No Leeds player has made more appearances than the 773 of Jack Charlton, who died last July; no other has anywhere near as many goals to his name in a United shirt as the 238 of Peter Lorimer, who passed this March.
Norman Hunter was a regular here right up until the Huddersfield game. The south stand of Elland Road is now named after him, side-by-side with the one baring Charlton's, as they were for so many years at the heart of Revie's defence.
Terry Cooper, Trevor Cherry, Mick Bates, Peter Hampton, Alejandro Sabella, Frank Worthington - many long-serving, all loved, each remembered fondly.

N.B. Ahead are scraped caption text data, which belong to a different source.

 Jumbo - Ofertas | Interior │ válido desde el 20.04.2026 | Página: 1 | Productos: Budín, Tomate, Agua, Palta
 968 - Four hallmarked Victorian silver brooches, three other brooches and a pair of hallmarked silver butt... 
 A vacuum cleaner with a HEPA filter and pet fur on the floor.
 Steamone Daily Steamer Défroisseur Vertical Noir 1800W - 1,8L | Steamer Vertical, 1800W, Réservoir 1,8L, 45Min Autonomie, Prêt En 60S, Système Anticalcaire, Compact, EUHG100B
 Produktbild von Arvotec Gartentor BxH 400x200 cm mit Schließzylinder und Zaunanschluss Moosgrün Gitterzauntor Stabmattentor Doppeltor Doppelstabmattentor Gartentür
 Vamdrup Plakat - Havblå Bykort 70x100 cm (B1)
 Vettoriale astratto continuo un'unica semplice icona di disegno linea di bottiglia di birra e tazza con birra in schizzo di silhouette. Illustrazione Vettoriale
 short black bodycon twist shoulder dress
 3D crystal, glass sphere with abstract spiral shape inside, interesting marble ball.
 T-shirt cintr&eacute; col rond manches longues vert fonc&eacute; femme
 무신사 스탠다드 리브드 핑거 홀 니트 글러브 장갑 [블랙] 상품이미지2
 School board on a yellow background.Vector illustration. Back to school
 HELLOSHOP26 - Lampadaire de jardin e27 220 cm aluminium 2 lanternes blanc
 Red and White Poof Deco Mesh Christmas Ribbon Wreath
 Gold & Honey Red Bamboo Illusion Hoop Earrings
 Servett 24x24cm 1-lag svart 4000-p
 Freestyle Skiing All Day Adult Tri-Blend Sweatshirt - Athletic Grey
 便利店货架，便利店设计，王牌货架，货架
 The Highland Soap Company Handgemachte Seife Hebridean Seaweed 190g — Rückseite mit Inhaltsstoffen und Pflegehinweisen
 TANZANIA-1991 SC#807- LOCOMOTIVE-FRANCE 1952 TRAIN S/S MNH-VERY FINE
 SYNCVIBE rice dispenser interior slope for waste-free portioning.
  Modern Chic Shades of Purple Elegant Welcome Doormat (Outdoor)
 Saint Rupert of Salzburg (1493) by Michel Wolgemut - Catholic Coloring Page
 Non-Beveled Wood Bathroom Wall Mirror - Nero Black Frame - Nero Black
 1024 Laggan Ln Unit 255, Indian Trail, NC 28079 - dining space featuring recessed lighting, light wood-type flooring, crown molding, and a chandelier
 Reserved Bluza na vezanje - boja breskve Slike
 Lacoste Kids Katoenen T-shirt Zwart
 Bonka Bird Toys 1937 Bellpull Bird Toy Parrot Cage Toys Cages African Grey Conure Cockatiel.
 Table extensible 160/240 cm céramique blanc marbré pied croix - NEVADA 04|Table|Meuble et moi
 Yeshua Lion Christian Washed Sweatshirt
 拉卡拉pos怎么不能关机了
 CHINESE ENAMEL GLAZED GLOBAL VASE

Fast, fierce and fantastic
The game itself was the perfect tribute to those lost Revie stars, known as much for their bite as their brilliance.
It was fast, fierce and fantastic, played between two sides targeting victory and not afraid to stick a boot in to attain it.
Leeds needed a result. Last weekend's 5-1 hammering at Manchester United had already set nerves jangling within a fanbase quick to scare and all too familiar with the fate that befell south Yorkshire rivals Sheffield United in their second Premier League season following a promising first.
Everton already had a win under their belts, courtesy of last weekend's home victory over Southampton, and twice edged ahead in pursuit of another.
Dominic Calvert-Lewin's VAR-awarded penalty briefly silenced the home crowd before his celebration right in front of the Kop provoked ire.
Man of the match Demarai Gray silenced them again early in the second half, finishing neatly to make it 2-1 after Mateusz Klich's parity-restoring chipped finish.
But the final word belonged to Raphinha, Leeds' Brazilian forward, who made it three goals in three games against the Toffees to provoke a cheer that will have shaken silverware across Beeston.